━━━ Excerpted records ━━━
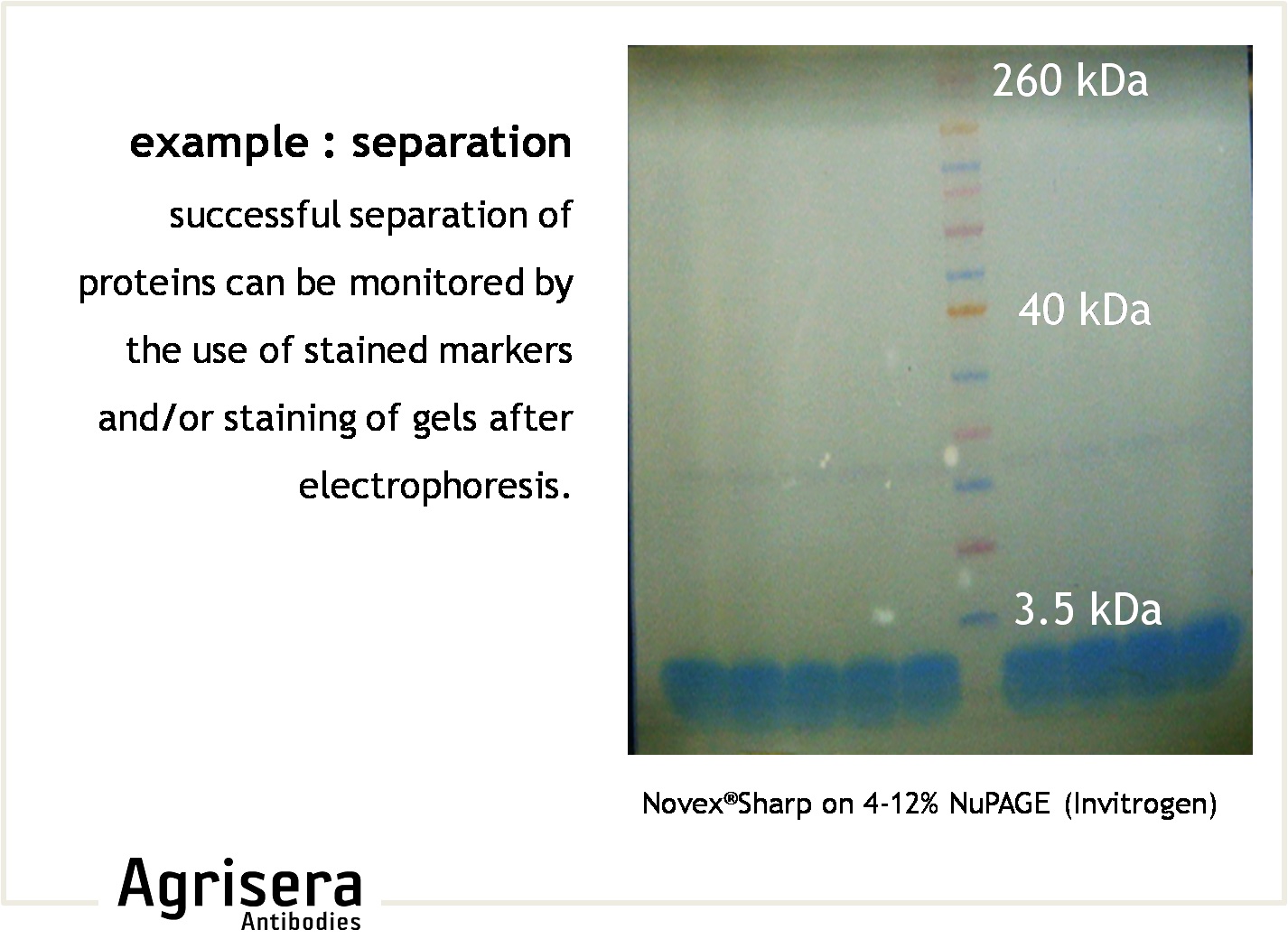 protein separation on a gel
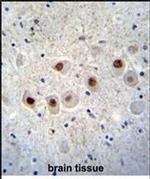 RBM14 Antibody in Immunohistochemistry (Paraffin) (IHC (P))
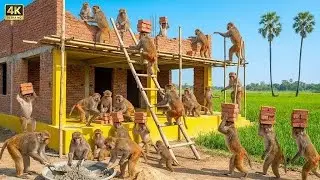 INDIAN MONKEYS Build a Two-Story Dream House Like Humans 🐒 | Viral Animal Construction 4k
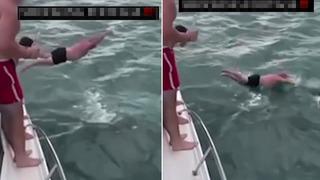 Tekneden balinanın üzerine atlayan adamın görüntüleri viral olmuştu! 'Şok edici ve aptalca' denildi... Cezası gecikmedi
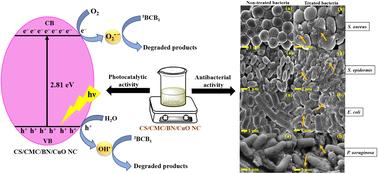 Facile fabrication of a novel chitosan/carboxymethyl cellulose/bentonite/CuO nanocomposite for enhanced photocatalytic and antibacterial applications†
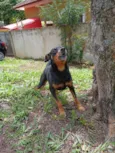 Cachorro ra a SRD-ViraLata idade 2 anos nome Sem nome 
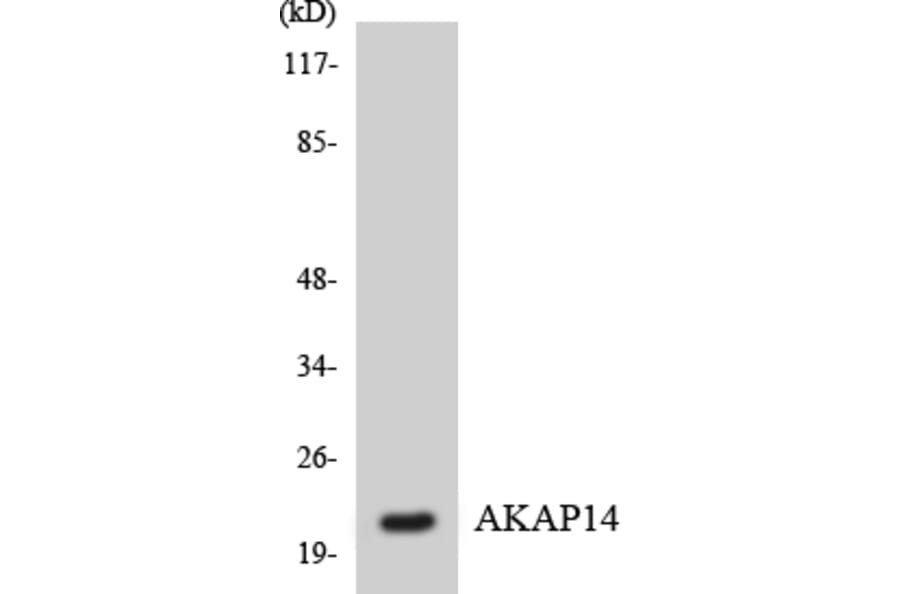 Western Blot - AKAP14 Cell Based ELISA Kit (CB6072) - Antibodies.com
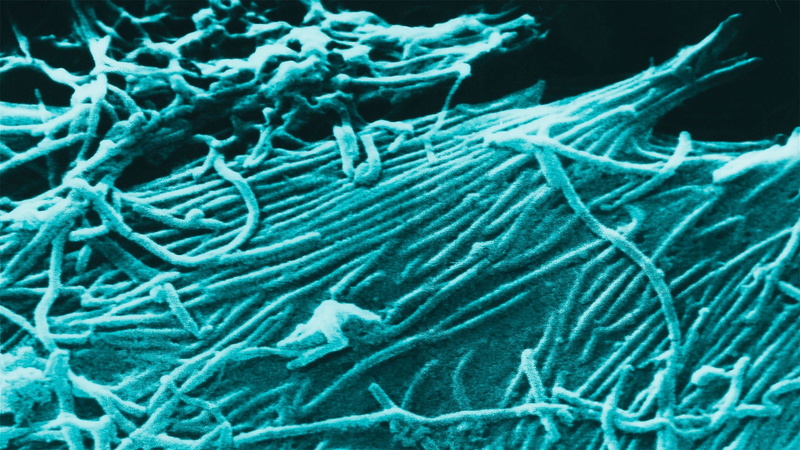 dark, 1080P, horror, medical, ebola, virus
━━━
━━━ Excerpted records ━━━
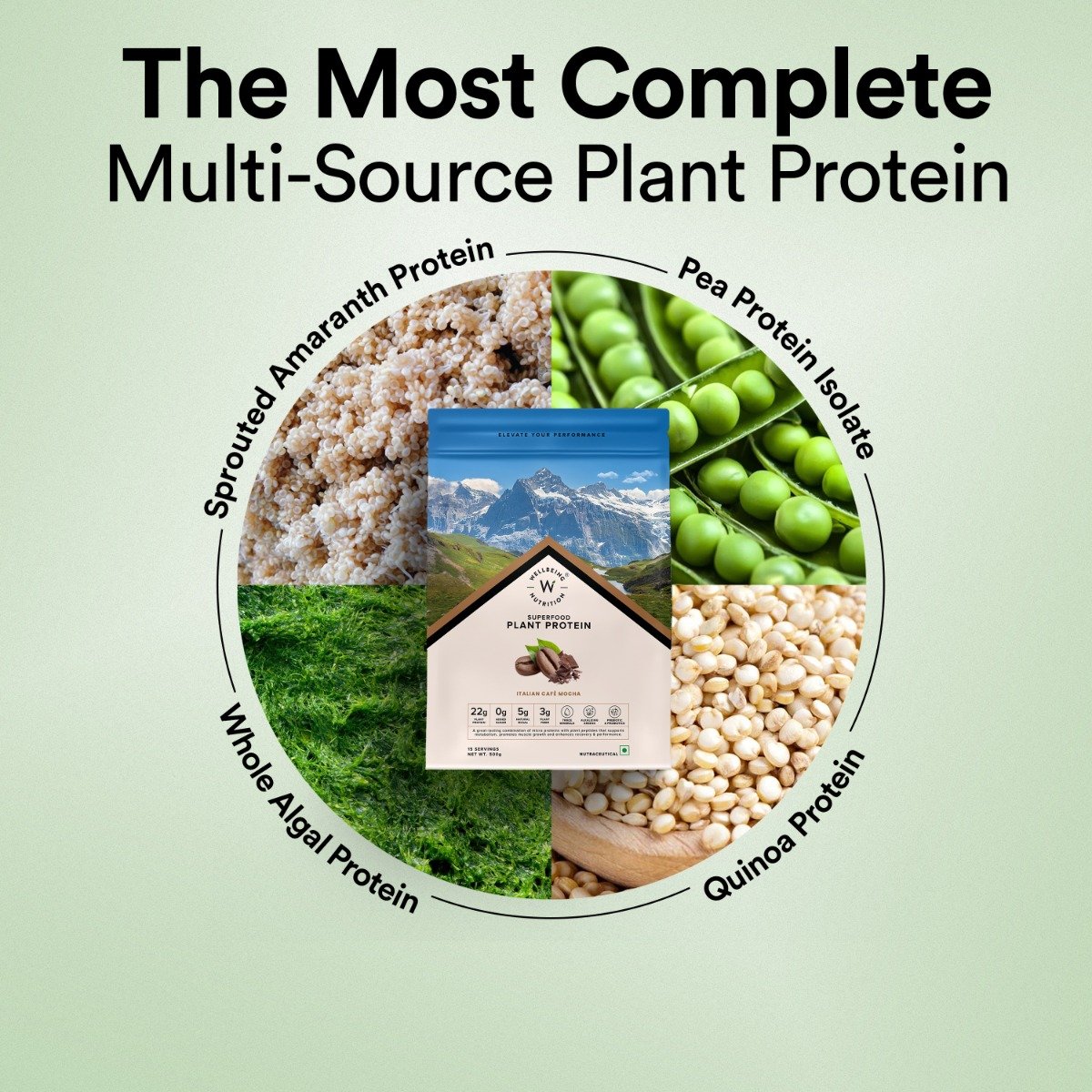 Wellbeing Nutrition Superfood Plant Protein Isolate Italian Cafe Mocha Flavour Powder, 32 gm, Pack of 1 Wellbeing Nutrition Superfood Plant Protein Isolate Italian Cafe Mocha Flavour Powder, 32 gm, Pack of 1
━━━
━━━ Excerpted records ━━━
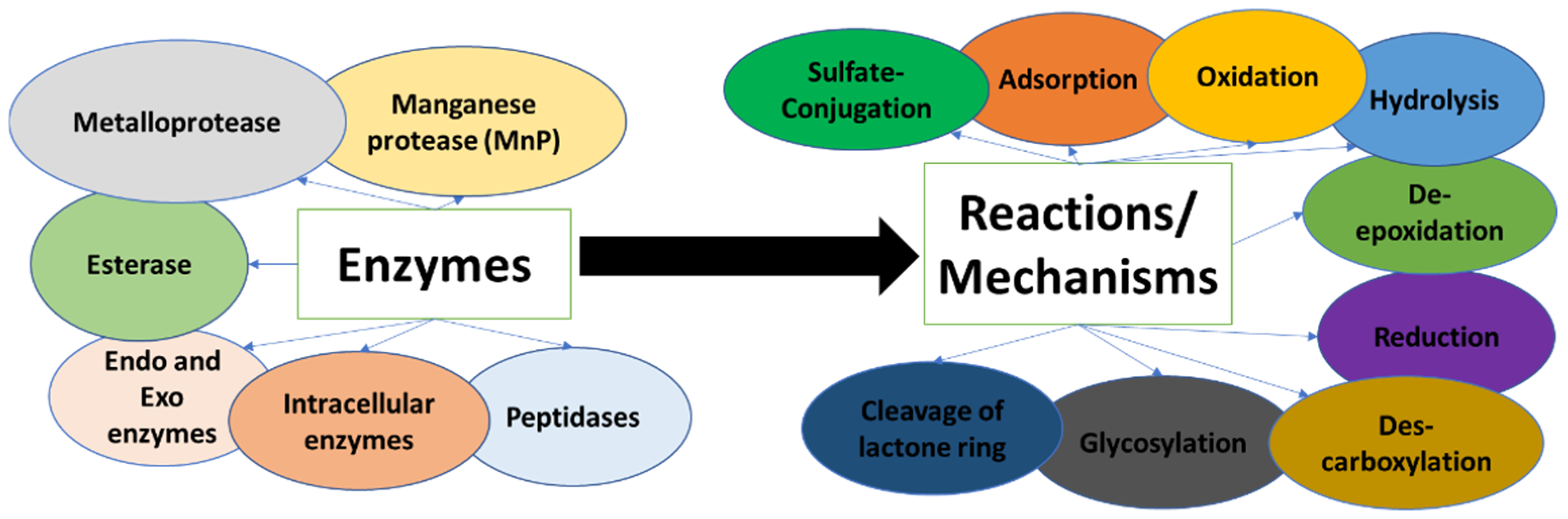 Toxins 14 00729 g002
━━━
▶ [Your instructions]:
What you need to produce is an exact copy of the entries above, limited to the lines from the one with "protein separation on a gel" up to and including the one with "dark, 1080P, horror, medical, ebola, virus", without pictures.

▶ [Task output]:
 protein separation on a gel
 RBM14 Antibody in Immunohistochemistry (Paraffin) (IHC (P))
 INDIAN MONKEYS Build a Two-Story Dream House Like Humans 🐒 | Viral Animal Construction 4k
 Tekneden balinanın üzerine atlayan adamın görüntüleri viral olmuştu! 'Şok edici ve aptalca' denildi... Cezası gecikmedi
 Facile fabrication of a novel chitosan/carboxymethyl cellulose/bentonite/CuO nanocomposite for enhanced photocatalytic and antibacterial applications†
 Cachorro ra a SRD-ViraLata idade 2 anos nome Sem nome 
 Western Blot - AKAP14 Cell Based ELISA Kit (CB6072) - Antibodies.com
 dark, 1080P, horror, medical, ebola, virus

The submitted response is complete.